Is it fair to say Tiger Woods is a greater athlete than Lance Armstrong? Some don’t even consider golfers to be athletes when the likes of Phil Mickelson and John Daly are among the better players. The argument could be made that Armstrong exerted more strength and physical ability in becoming the best in his sport than Tiger did in his.
The counter to that argument would be that it is not Woods’ fault that his sport of choice does not require pedaling up a stretch of mountains or having his lungs adapt to different altitudes. His sport is one that requires hand-eye coordination, mental toughness, and the ability to judge terrain. Each would have an argument but both have been named “Greatest Athlete in the World” at some point in different publications.
The hottest athlete right now is Michael Phelps. Could one say that he is a greater athlete than Michael Jordan was? Maybe Phelps can swim faster, burn more calories in a day and hold more oxygen in his lungs for a longer duration. But can he hang in the air while defying gravity the way Jordan did? Can he move with the agility and quickness that Jordan did while controlling a ball? Can Phelps jump from the free throw line and hang in the air on his way to a one handed slam?
The answer is no. But that does not mean that Phelps is an inferior athlete to Jordan or vice versa.
Each athlete mentioned plays in a different sport which requires different skill sets. While Tiger is working on his backswing, Phelps is working on his backstroke. While Jordan was working on his lateral defense, Michael Johnson was working on sprinting 100 meters. While Lebron works on his jumpshot, Roger Federer is working on his backhand. Each athlete is the best at what they do, but each does something different.
The term “athlete” combines all those who participate in sports into one general category. It doesn’t take anything else into consideration. This presents a significant problem because it opens the door to not only a lot of controversy and jealousy, but a breeding ground of disrespect.
I heard the topic come up on national radio last week as Phelps was on his way to his eighth gold medal. A heavy debate broke out about whether Phelps can be considered the greatest athlete in the world. One analyst believed he could while the other was on the polar opposite. Their argument led to each presenting examples of great athletes.
When one brought up Tiger Woods, the other quickly and rather disrespectfully shot it down by saying “Tiger Woods doesn’t even play a real sport. He plays a glorified version of billiards or croquet.”
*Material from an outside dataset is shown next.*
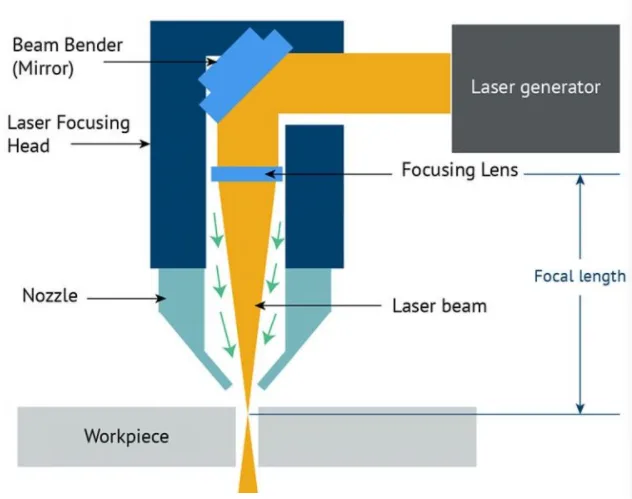 How Thick Can 6000W Fiber Laser Cut? - IPG, Raycus, Max - Pictures 7 Diagram of fiber laser cutting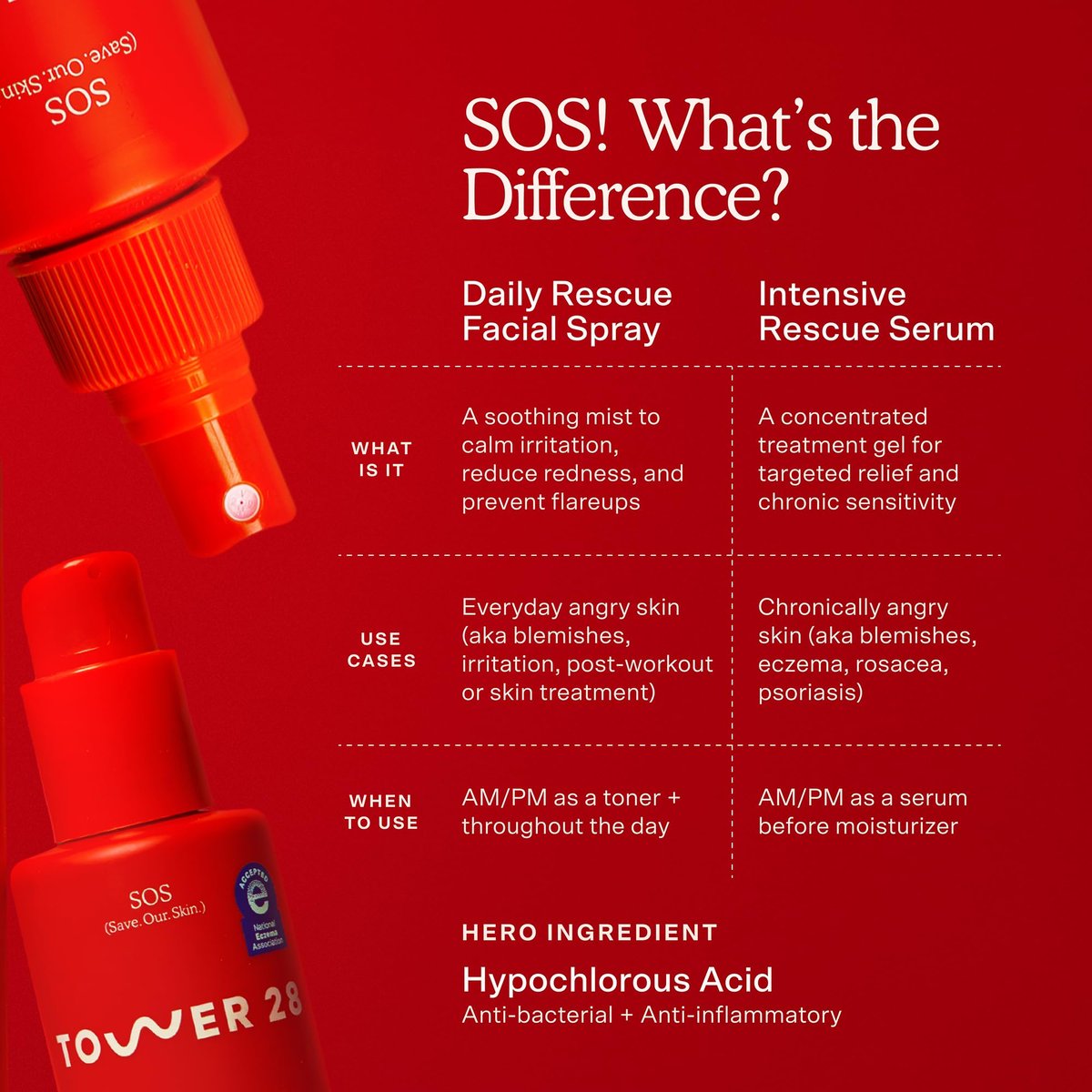 Tower 28 SOS Rescue Face Serum – Hypochlorous Acid Soothing Serum for Sensitive, Irritated Skin, Reduces Redness & Blemishes, Fragrance-Free (2 oz) Avelisse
After hearing this, the opposing analyst barked back saying that Phelps doesn’t have the athletic ability of Gilbert Arenas or Kobe Bryant. Back and forth they went, unnecessarily ripping various elite athletes and their sports. At one point, the argument got so off base that the debate turned into whether all football players are even athletes (since linemen regularly weigh in at 300-plus pounds).
The reason I present this example is to show you the ignorant and downright disrespectful remarks that can be made about others and their sports based on an argument on who’s the greatest athlete in the world; an argument that lacks a conclusion.
There is no way of definitively knowing who is the greatest. The one thing in common that each of the elite has is their drive, passion, and mental toughness. Each elite athlete shares these characteristics along with many others, such as determination. However, since each has a completely different craft, you cannot compare them. It would be like deciding who is more successful; a wealthy banker or a wealthy real estate agent.
Unless we can turn back the hands of time and see how successful Tiger Woods would have been as a swimmer, or Michael Phelps as a basketball player, or Michael Jordan as a cyclist, there is no way of knowing who the greatest athlete is.
So I conclude by saying that there is no “Greatest Athlete” in the United States, let alone the world. Instead, there are a select few of five, maybe ten athletes who together comprise the group of “Greatest Athletes in the World”. But understanding the desire and necessity for debate, I will leave you with a more constructive topic to tackle.
Who is the most dominant athlete in the world? Have at it.